Since Denis Diderot’s 1772 Encyclopédie, French textbooks have often been characterized by a wealth of topics. Examples that many physics students have encountered include classics such as Albert Messiah’s Quantum Mechanics (1961) and the two-volume Quantum Mechanics (1977) by Claude Cohen-Tannoudji, Bernard Diu, and Franck Laloë. Now a new French book stands out with its wide range: From Classical to Quantum Fields by Laurent Baulieu, John Iliopoulos, and the late Roland Sénéor.

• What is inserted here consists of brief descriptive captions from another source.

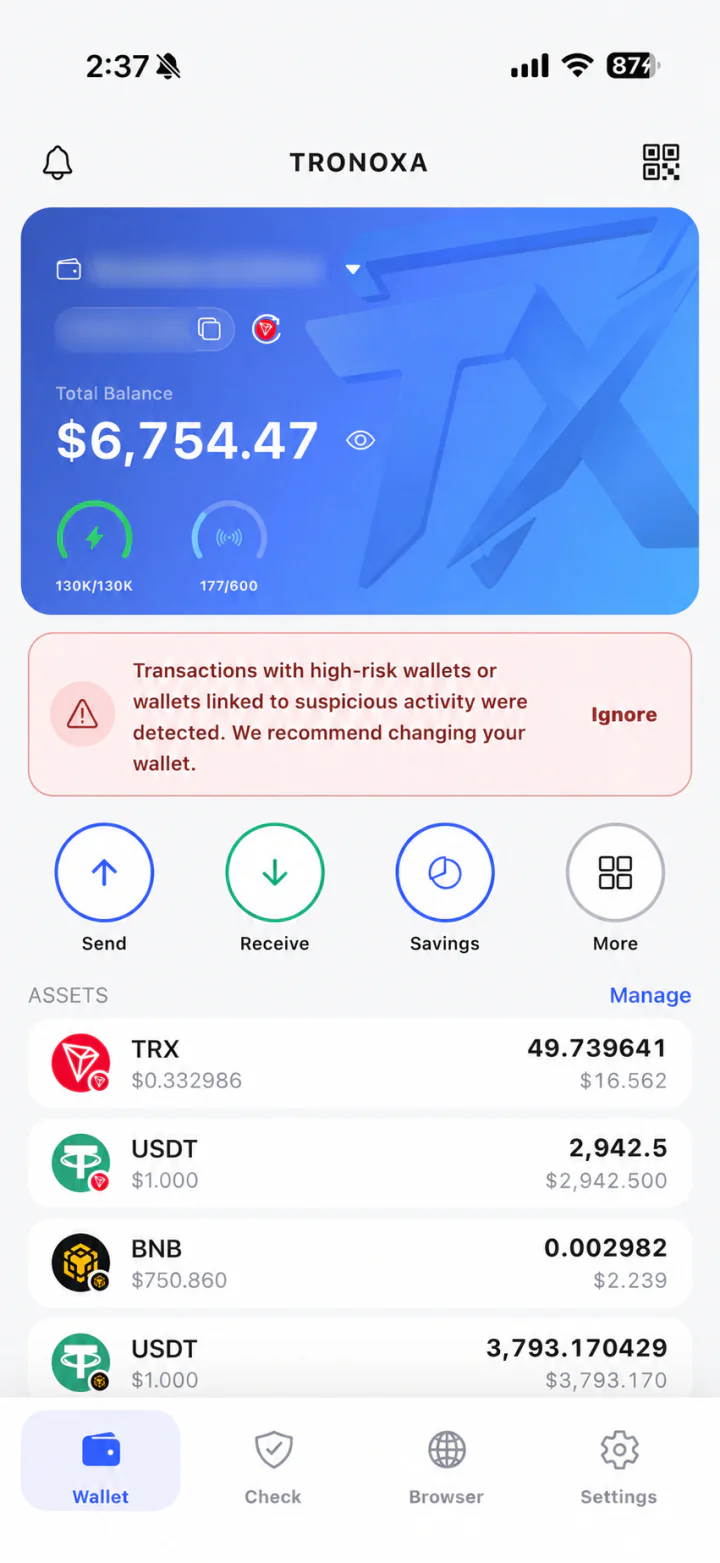 Transactions with high-risk wallets or wallets linked to suspicious activity were detected. Only wallet names and addresses are obscured for privacy.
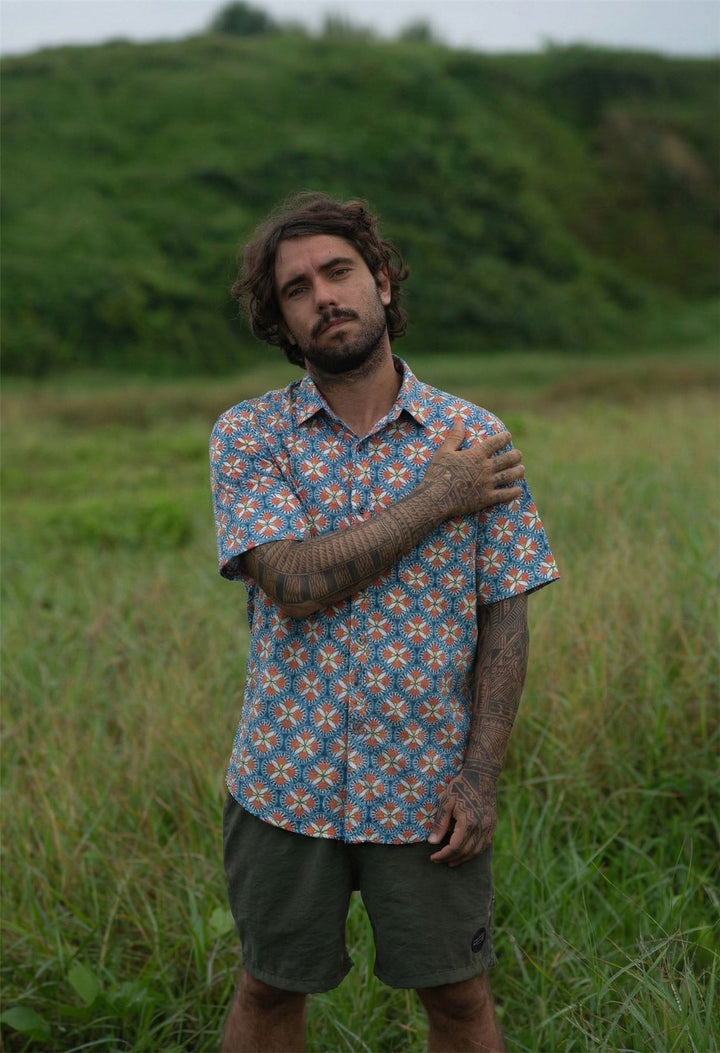 Regular Fit Short Sleeve Shirt - Blue Kaleidoscope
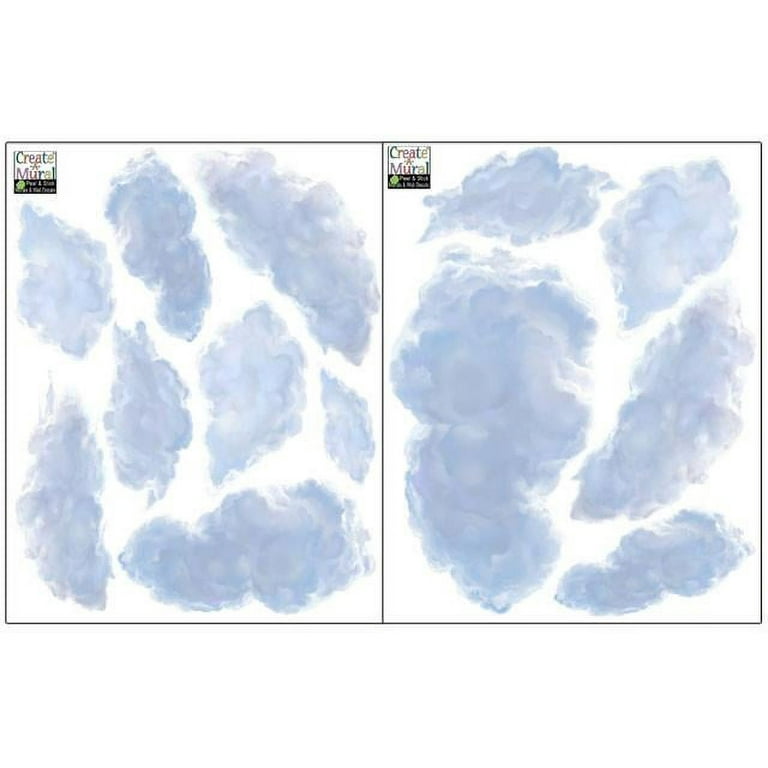Zoomie Kids Mirror Clouds Wall D Cor (Set of 2), Size: Large, Gray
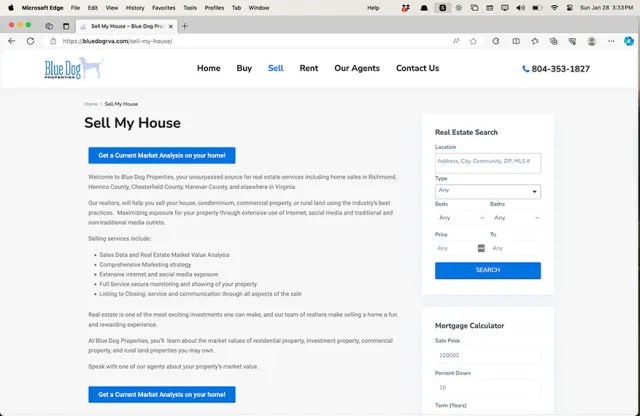 Sell my house page desktop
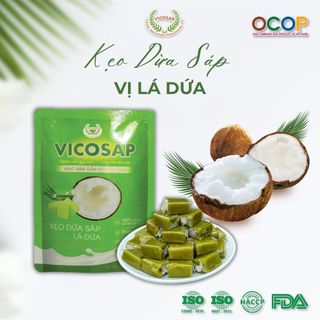   OCOP 5 SAO  Kẹo dừa sáp VICOSAP vị lá dứa kẹo mềm dẻo ít đường đặc sản Trà Vinh túi 100g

This 992-page book takes the reader on a theorist-guided journey into the standard model of particle physics. The trip begins with a lengthy review of concepts in classical physics. From there, the authors proceed to the main attraction and explore our current understanding of fundamental interactions; they then lead the reader all the way to the uncertain terrain of physics beyond the standard model. From Classical to Quantum Fields has a distinctly French feeling, as it pays particular attention to the mathematical aspects of its topics. The authors successfully present the mathematical structures underlying quantum field theory without sacrificing the clarity and fluidity of the exposition. On the other hand, extensive physical applications are sparse.

The encyclopedic aspirations of the book are evident early: The first chapters include the electromagnetic and the gravitational classical fields along with a review of spacetime symmetries that allows the authors to offer a first look at the relativistic field equations and introduce spinors and the notion of physical state. The book’s early chapters were originally designed as a master’s-level course, in which students with a background in physics and those trained in mathematics would find a common language to proceed further into modern topics in theoretical physics.

The presentation of the concepts is clear and never redundant. The authors aim to provide a compact path through basic topics rather than offer a complete course on them. Each chapter ends with a few problems suitable for a reader with some previous background on the subjects. The book is enriched with historical notes that provide pleasant interludes.

The highlights of the book come when the authors address more specialized topics, including ones to which they themselves made essential contributions. Those subjects are presented in greater detail than is found in most textbooks. The clear discussion of the path integral, for example, includes fermionic variables. The Euclidean path integral, instead of being relegated to an appendix, rightly finds a dedicated chapter. Also excellent are the explanations of the quantization of gauge theories, symmetry breaking, and Becchi-Rouet-Stora-Tyutin symmetry, in which the authors pay tribute to their friend and mentor Raymond Stora.

Even better is the material on renormalization, the authors’ field of expertise. The chapters on the renormalization group and IR divergences are truly outstanding and original. From Classical to Quantum Fields also includes a useful presentation of Bargmann coherent states, which unfortunately is missing in many other texts.

At the end of the tour, have the authors passed over any points of interest? One topic that deserves more than a brief mention is extended field configurations such as instantons, monopoles, and skyrmions. What else? The authors say in the prologue that they “decided to leave out subjects, such as the attempts to obtain a quantum theory of gravity based on string theories, because, although they involve very beautiful modern mathematics, they have not yet been directly connected to concrete experimental results.” Although sensible, that decision is not consistent with the inclusion of a chapter on supersymmetry, which also lacks concrete experimental results.

That kind of blind spot is one of the drawbacks of the book’s theoretical-particle-physicist viewpoint. The limited perspective also undermines the material on gravity. The chapter on general relativity is quite dry and feels disconnected from the rest of the book. Although From Classical to Quantum Fields presents many useful observations about the difficulties of achieving general covariance in a quantum field theory, it does not deal with the problem of quantizing gravity.

Unfortunately the authors also share two misconceptions common among particle physicists. The first concerns the phenomenological accessibility of quantum gravitational effects. The authors discuss how far particle accelerators are from reaching the energy scale of quantum gravity, but forget that we have already obtained important results from other kinds of experiments. We have more than just accelerators! For example, astrophysical and cosmological observations place strong constraints on violations of Lorentz invariance.

The second misconception in the book is that string theory is the only theory addressing the problem of quantum gravity. It is certainly not the only one, and today perhaps not even the most promising.

Despite a few flaws, From Classical to Quantum Fields makes for a fine companion for students and an excellent general reference for researchers in theoretical physics.

Francesca Vidotto is a theoretical physicist currently working at the University of the Basque Country in Spain. Her field of research is nonperturbative quantum gravity, including its phenomenological application to cosmology and black holes. She is the author with Carlo Rovelli of the textbook Covariant Loop Quantum Gravity (2015).